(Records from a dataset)
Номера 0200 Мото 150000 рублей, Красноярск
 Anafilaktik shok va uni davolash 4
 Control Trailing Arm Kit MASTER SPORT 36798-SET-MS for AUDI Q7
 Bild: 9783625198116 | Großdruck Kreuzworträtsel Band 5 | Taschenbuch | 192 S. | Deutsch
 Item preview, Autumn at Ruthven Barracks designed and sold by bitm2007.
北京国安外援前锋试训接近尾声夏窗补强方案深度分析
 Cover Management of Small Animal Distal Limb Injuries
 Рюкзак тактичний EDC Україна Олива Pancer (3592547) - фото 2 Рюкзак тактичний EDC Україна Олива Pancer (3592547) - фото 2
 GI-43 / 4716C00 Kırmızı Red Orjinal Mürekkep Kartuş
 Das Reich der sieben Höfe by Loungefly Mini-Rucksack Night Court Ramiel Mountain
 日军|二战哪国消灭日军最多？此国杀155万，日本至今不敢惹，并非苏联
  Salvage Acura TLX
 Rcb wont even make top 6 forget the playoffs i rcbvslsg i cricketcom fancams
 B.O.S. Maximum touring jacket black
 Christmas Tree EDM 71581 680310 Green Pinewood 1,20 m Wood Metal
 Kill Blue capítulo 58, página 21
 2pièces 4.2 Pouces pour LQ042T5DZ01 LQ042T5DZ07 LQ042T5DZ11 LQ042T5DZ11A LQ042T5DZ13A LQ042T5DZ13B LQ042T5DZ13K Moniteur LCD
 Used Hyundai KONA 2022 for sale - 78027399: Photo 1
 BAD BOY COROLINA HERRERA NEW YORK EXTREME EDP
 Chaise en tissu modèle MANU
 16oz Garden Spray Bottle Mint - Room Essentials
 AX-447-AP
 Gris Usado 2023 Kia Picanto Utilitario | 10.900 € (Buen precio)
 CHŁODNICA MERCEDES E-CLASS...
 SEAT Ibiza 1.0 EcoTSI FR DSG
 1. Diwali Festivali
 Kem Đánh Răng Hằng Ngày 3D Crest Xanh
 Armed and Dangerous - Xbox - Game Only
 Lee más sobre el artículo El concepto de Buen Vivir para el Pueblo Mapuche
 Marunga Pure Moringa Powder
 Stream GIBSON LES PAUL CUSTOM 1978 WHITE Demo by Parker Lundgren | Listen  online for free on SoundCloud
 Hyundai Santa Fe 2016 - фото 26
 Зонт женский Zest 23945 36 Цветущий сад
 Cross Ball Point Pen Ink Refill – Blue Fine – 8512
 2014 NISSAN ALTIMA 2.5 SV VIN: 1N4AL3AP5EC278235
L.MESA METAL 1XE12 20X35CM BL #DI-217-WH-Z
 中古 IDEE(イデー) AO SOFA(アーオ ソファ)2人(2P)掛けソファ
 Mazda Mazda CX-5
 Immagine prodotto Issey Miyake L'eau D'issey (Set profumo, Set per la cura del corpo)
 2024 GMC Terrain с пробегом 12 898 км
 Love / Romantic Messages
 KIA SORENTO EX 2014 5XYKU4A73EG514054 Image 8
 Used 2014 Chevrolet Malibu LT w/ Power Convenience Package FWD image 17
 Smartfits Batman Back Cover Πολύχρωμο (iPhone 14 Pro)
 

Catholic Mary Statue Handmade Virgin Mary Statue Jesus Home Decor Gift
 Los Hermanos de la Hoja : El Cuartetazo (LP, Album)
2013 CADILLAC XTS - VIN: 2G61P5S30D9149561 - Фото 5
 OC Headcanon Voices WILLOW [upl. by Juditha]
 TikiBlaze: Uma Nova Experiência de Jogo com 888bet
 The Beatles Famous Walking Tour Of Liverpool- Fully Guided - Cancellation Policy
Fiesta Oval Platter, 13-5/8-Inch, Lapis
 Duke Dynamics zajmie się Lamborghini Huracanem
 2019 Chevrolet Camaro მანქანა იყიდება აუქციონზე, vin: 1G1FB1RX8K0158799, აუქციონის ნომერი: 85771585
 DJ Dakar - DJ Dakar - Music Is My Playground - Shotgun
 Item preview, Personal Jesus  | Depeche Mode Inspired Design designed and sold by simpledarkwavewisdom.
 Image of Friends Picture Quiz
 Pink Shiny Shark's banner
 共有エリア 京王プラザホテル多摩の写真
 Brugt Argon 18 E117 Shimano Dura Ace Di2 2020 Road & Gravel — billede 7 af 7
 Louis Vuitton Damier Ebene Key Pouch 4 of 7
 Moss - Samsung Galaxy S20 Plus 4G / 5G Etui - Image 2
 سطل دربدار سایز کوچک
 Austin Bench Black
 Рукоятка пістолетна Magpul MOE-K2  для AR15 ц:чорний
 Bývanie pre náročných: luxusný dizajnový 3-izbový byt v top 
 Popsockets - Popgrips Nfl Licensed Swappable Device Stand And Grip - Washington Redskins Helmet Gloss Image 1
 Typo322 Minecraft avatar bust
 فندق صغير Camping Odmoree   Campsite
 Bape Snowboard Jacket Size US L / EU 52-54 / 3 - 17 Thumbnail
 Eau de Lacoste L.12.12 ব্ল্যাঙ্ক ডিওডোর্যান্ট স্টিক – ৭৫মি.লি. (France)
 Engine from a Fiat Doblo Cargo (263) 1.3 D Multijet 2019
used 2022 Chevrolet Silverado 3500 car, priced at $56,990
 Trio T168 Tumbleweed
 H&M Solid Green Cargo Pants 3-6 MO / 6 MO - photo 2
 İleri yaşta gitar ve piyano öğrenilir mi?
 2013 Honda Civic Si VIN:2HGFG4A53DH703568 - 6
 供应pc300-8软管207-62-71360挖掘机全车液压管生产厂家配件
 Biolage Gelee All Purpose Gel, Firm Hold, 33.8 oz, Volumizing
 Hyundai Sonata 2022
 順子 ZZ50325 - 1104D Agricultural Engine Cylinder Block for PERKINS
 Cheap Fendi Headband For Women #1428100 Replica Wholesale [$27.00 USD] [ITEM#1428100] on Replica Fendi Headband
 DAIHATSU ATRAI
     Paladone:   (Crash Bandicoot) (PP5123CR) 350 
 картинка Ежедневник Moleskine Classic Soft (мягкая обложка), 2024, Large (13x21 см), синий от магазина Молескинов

Assignment: You are asked to copy all of the entries above exactly.

Exercise result:
Номера 0200 Мото 150000 рублей, Красноярск
 Anafilaktik shok va uni davolash 4
 Control Trailing Arm Kit MASTER SPORT 36798-SET-MS for AUDI Q7
 Bild: 9783625198116 | Großdruck Kreuzworträtsel Band 5 | Taschenbuch | 192 S. | Deutsch
 Item preview, Autumn at Ruthven Barracks designed and sold by bitm2007.
北京国安外援前锋试训接近尾声夏窗补强方案深度分析
 Cover Management of Small Animal Distal Limb Injuries
 Рюкзак тактичний EDC Україна Олива Pancer (3592547) - фото 2 Рюкзак тактичний EDC Україна Олива Pancer (3592547) - фото 2
 GI-43 / 4716C00 Kırmızı Red Orjinal Mürekkep Kartuş
 Das Reich der sieben Höfe by Loungefly Mini-Rucksack Night Court Ramiel Mountain
 日军|二战哪国消灭日军最多？此国杀155万，日本至今不敢惹，并非苏联
  Salvage Acura TLX
 Rcb wont even make top 6 forget the playoffs i rcbvslsg i cricketcom fancams
 B.O.S. Maximum touring jacket black
 Christmas Tree EDM 71581 680310 Green Pinewood 1,20 m Wood Metal
 Kill Blue capítulo 58, página 21
 2pièces 4.2 Pouces pour LQ042T5DZ01 LQ042T5DZ07 LQ042T5DZ11 LQ042T5DZ11A LQ042T5DZ13A LQ042T5DZ13B LQ042T5DZ13K Moniteur LCD
 Used Hyundai KONA 2022 for sale - 78027399: Photo 1
 BAD BOY COROLINA HERRERA NEW YORK EXTREME EDP
 Chaise en tissu modèle MANU
 16oz Garden Spray Bottle Mint - Room Essentials
 AX-447-AP
 Gris Usado 2023 Kia Picanto Utilitario | 10.900 € (Buen precio)
 CHŁODNICA MERCEDES E-CLASS...
 SEAT Ibiza 1.0 EcoTSI FR DSG
 1. Diwali Festivali
 Kem Đánh Răng Hằng Ngày 3D Crest Xanh
 Armed and Dangerous - Xbox - Game Only
 Lee más sobre el artículo El concepto de Buen Vivir para el Pueblo Mapuche
 Marunga Pure Moringa Powder
 Stream GIBSON LES PAUL CUSTOM 1978 WHITE Demo by Parker Lundgren | Listen  online for free on SoundCloud
 Hyundai Santa Fe 2016 - фото 26
 Зонт женский Zest 23945 36 Цветущий сад
 Cross Ball Point Pen Ink Refill – Blue Fine – 8512
 2014 NISSAN ALTIMA 2.5 SV VIN: 1N4AL3AP5EC278235
L.MESA METAL 1XE12 20X35CM BL #DI-217-WH-Z
 中古 IDEE(イデー) AO SOFA(アーオ ソファ)2人(2P)掛けソファ
 Mazda Mazda CX-5
 Immagine prodotto Issey Miyake L'eau D'issey (Set profumo, Set per la cura del corpo)
 2024 GMC Terrain с пробегом 12 898 км
 Love / Romantic Messages
 KIA SORENTO EX 2014 5XYKU4A73EG514054 Image 8
 Used 2014 Chevrolet Malibu LT w/ Power Convenience Package FWD image 17
 Smartfits Batman Back Cover Πολύχρωμο (iPhone 14 Pro)
 

Catholic Mary Statue Handmade Virgin Mary Statue Jesus Home Decor Gift
 Los Hermanos de la Hoja : El Cuartetazo (LP, Album)
2013 CADILLAC XTS - VIN: 2G61P5S30D9149561 - Фото 5
 OC Headcanon Voices WILLOW [upl. by Juditha]
 TikiBlaze: Uma Nova Experiência de Jogo com 888bet
 The Beatles Famous Walking Tour Of Liverpool- Fully Guided - Cancellation Policy
Fiesta Oval Platter, 13-5/8-Inch, Lapis
 Duke Dynamics zajmie się Lamborghini Huracanem
 2019 Chevrolet Camaro მანქანა იყიდება აუქციონზე, vin: 1G1FB1RX8K0158799, აუქციონის ნომერი: 85771585
 DJ Dakar - DJ Dakar - Music Is My Playground - Shotgun
 Item preview, Personal Jesus  | Depeche Mode Inspired Design designed and sold by simpledarkwavewisdom.
 Image of Friends Picture Quiz
 Pink Shiny Shark's banner
 共有エリア 京王プラザホテル多摩の写真
 Brugt Argon 18 E117 Shimano Dura Ace Di2 2020 Road & Gravel — billede 7 af 7
 Louis Vuitton Damier Ebene Key Pouch 4 of 7
 Moss - Samsung Galaxy S20 Plus 4G / 5G Etui - Image 2
 سطل دربدار سایز کوچک
 Austin Bench Black
 Рукоятка пістолетна Magpul MOE-K2  для AR15 ц:чорний
 Bývanie pre náročných: luxusný dizajnový 3-izbový byt v top 
 Popsockets - Popgrips Nfl Licensed Swappable Device Stand And Grip - Washington Redskins Helmet Gloss Image 1
 Typo322 Minecraft avatar bust
 فندق صغير Camping Odmoree   Campsite
 Bape Snowboard Jacket Size US L / EU 52-54 / 3 - 17 Thumbnail
 Eau de Lacoste L.12.12 ব্ল্যাঙ্ক ডিওডোর্যান্ট স্টিক – ৭৫মি.লি. (France)
 Engine from a Fiat Doblo Cargo (263) 1.3 D Multijet 2019
used 2022 Chevrolet Silverado 3500 car, priced at $56,990
 Trio T168 Tumbleweed
 H&M Solid Green Cargo Pants 3-6 MO / 6 MO - photo 2
 İleri yaşta gitar ve piyano öğrenilir mi?
 2013 Honda Civic Si VIN:2HGFG4A53DH703568 - 6
 供应pc300-8软管207-62-71360挖掘机全车液压管生产厂家配件
 Biolage Gelee All Purpose Gel, Firm Hold, 33.8 oz, Volumizing
 Hyundai Sonata 2022
 順子 ZZ50325 - 1104D Agricultural Engine Cylinder Block for PERKINS
 Cheap Fendi Headband For Women #1428100 Replica Wholesale [$27.00 USD] [ITEM#1428100] on Replica Fendi Headband
 DAIHATSU ATRAI
     Paladone:   (Crash Bandicoot) (PP5123CR) 350 
 картинка Ежедневник Moleskine Classic Soft (мягкая обложка), 2024, Large (13x21 см), синий от магазина Молескинов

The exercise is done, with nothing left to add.